Geometric Meaning: Direction of Variation

For the distribution of \(\boldsymbol{x}\), thelcenter location is determined by \(\boldsymbol{\mu} _ X\) and the variation is captured by each principal direction \(\boldsymbol{u} _i\)

For the multinormal distribution, the family of contours of \(\boldsymbol{x}\) (on each of which the pdf is a constant) is a family of ellipsoids in the original coordinate system \(\boldsymbol{x}\) satisfying the following equation for a constant \(c\),

\[ \begin{equation} (\boldsymbol{x}-\boldsymbol{\mu})^{\top} \boldsymbol{\Sigma}^{-1}(\boldsymbol{x}-\boldsymbol{\mu})=c^{2} \end{equation} \]

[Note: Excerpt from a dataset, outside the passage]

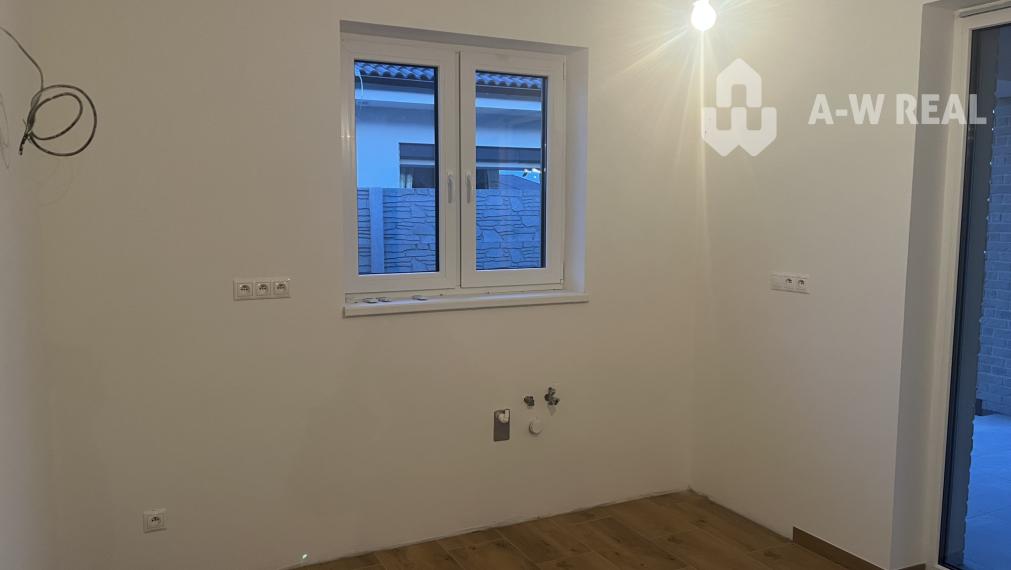 Predaj -  4-izbový rodinný dom – dvojdom v atraktívnej lokalite Florida Park, Dunajská Streda, vedľa termálneho kúpaliska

where \(c\) serves as an index of the family. This family of ellipsoids have orthogonal principal axes

\[ \pm c\lambda_i^{1/2}\boldsymbol{u}_i, i= 1, 2, \ldots, p \]

with length

  • \(2c\lambda_i^{1/2}\)

  • directional cosines as coefficients given in \(\boldsymbol{u} _i\) for the \(i\)-th axis.

Fig. 94 PCA and Ellipsoids of Gaussian [Fung 2018]

Another example is hand written digits. Suppose \(\boldsymbol{\mu} _ \boldsymbol{x}\) is the sample mean that determines the “mean” appearance of the digit \(2\), then \(\boldsymbol{\phi}_j\) is a principal direction which determines the location of variation of the black/white pixels.

Fig. 95 Reconstruction of digits with mean and scaled principal components [Livescu 2021]

Proportion Explained

The proportion of total variance explained by \(Z_i\), which is

\[\frac{\lambda_i}{\sum_{j=1}^d \lambda_j}\]

is considered as a measure of importance of \(Z_i\) in a more parsimonious description of the system.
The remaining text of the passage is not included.